Chez émoi émoi, le partage des questionnements universels est une valeur essentielle. Carole Tolila, animatrice télé, journaliste, et maman de deux enfants, Edgar et Thelma, incarne cette complexité. Elle jongle avec brio entre sa vie professionnelle et personnelle, tout en se confrontant à la question délicate du deuil de la maternité.

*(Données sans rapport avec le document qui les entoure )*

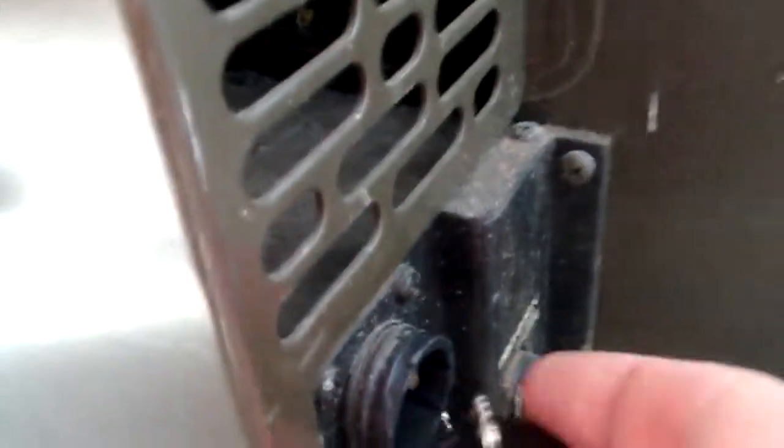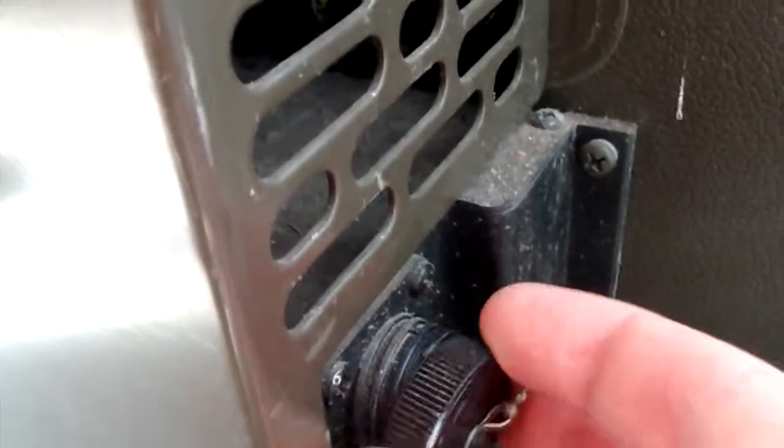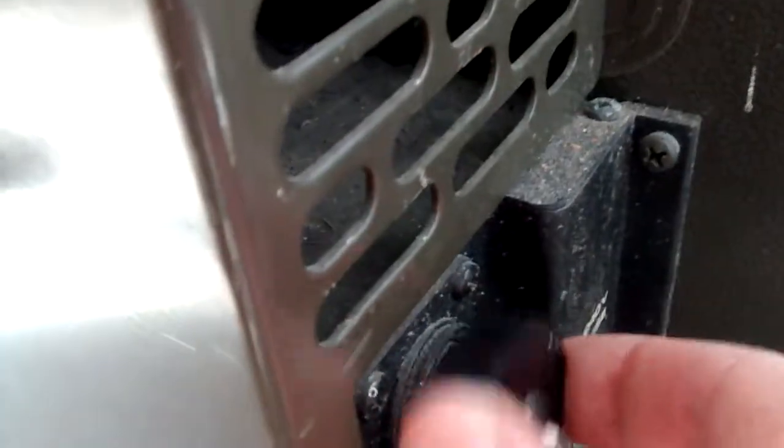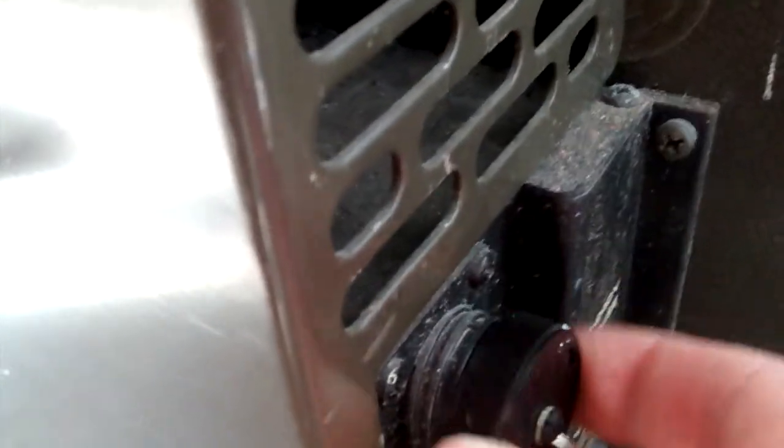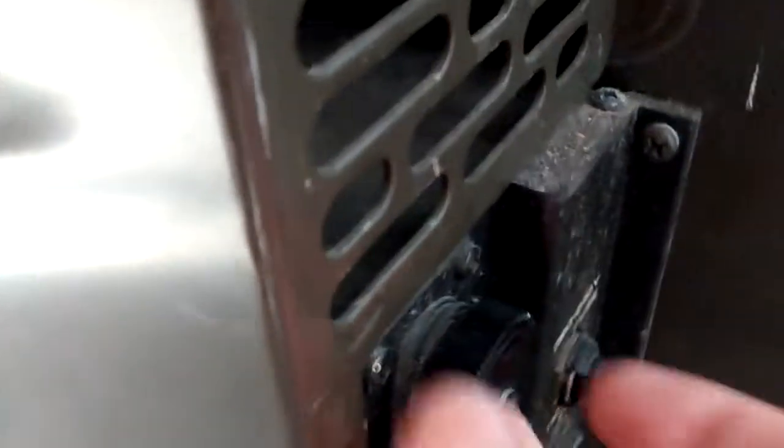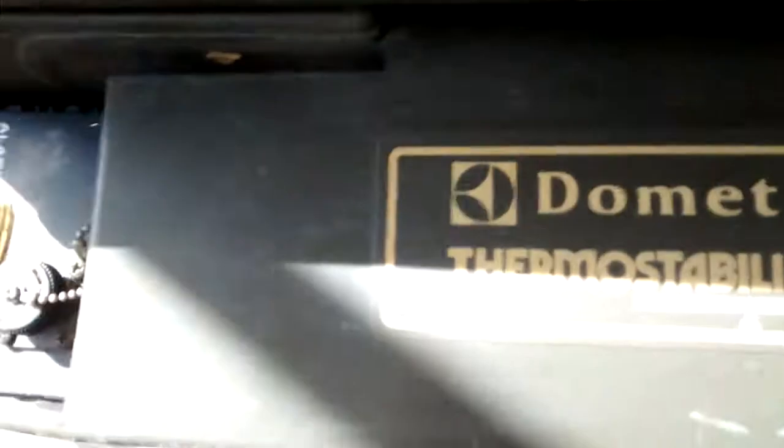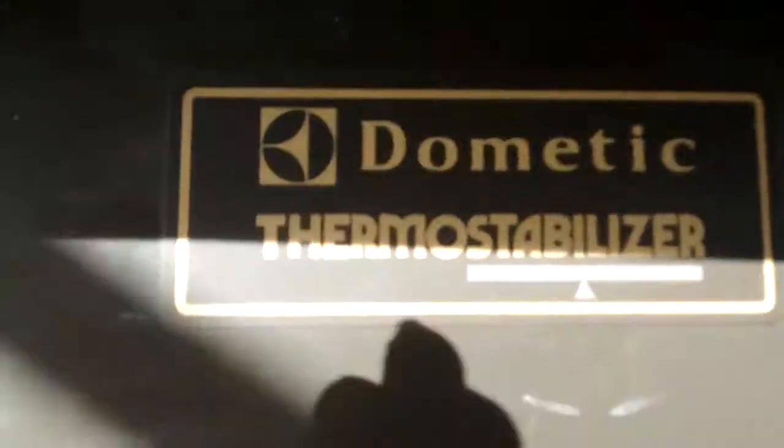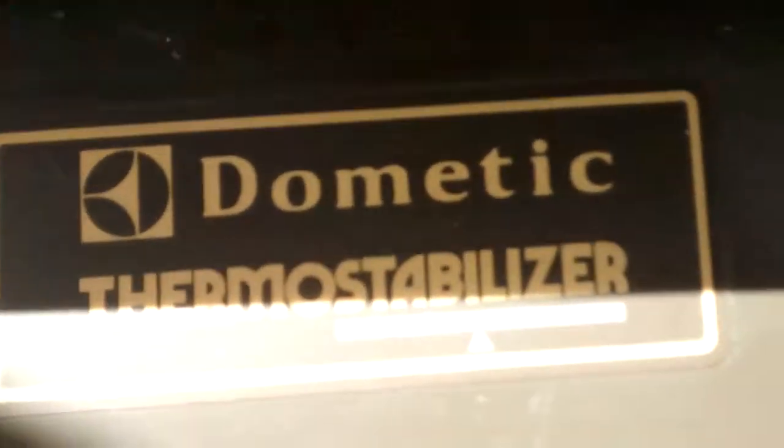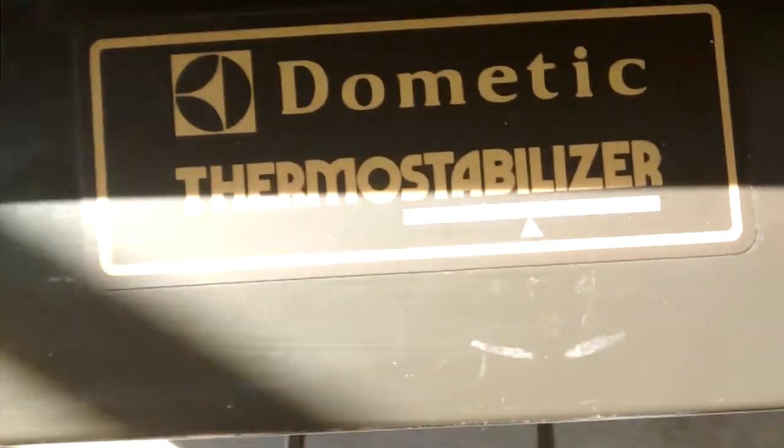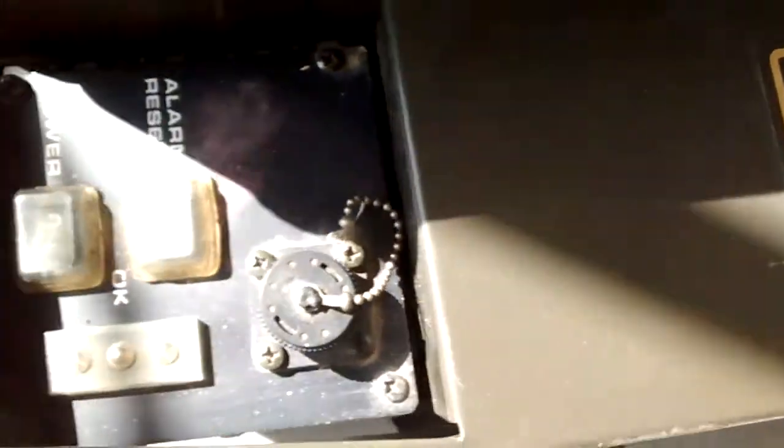But just for now though we'll turn it on to document the situation. There's fuses right there. And let's call it Dometic Thermal Stabilizer.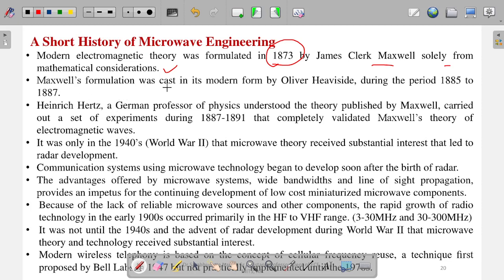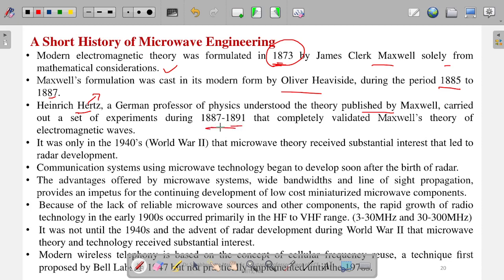Maxwell's formulation was cast in modern form by Oliver Heaviside during the period of 1885 to 1887. Then Heinrich Hertz — by whose name the unit of frequency is named — a German professor of physics, understood the theory published by Maxwell and did experiments from 1887 to 1890, which completely validated Maxwell's theory.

Le Désir Inattendu d'un Troisième Enfant

Pour Carole, avoir trois enfants semblait une évidence, une vision ancrée depuis son enfance. Elle se souvient de la joie suscitée par l'arrivée surprise de son petit frère, six ans après sa naissance. Cette expérience a façonné son désir d'une famille nombreuse.

« J’ai une grande soeur et un petit frère qui est arrivé comme un miracle pour mes parents. Une surprise, 6 ans après ma naissance. Je me souviens que cette nouvelle a donné lieu à une grande fête, quelque chose de joyeux. Je n’ai pas vécu ma deuxième grossesse comme étant la dernière, je me suis tout de suite projetée avec un troisième enfant. Evidemment, sans en parler à Thomas. »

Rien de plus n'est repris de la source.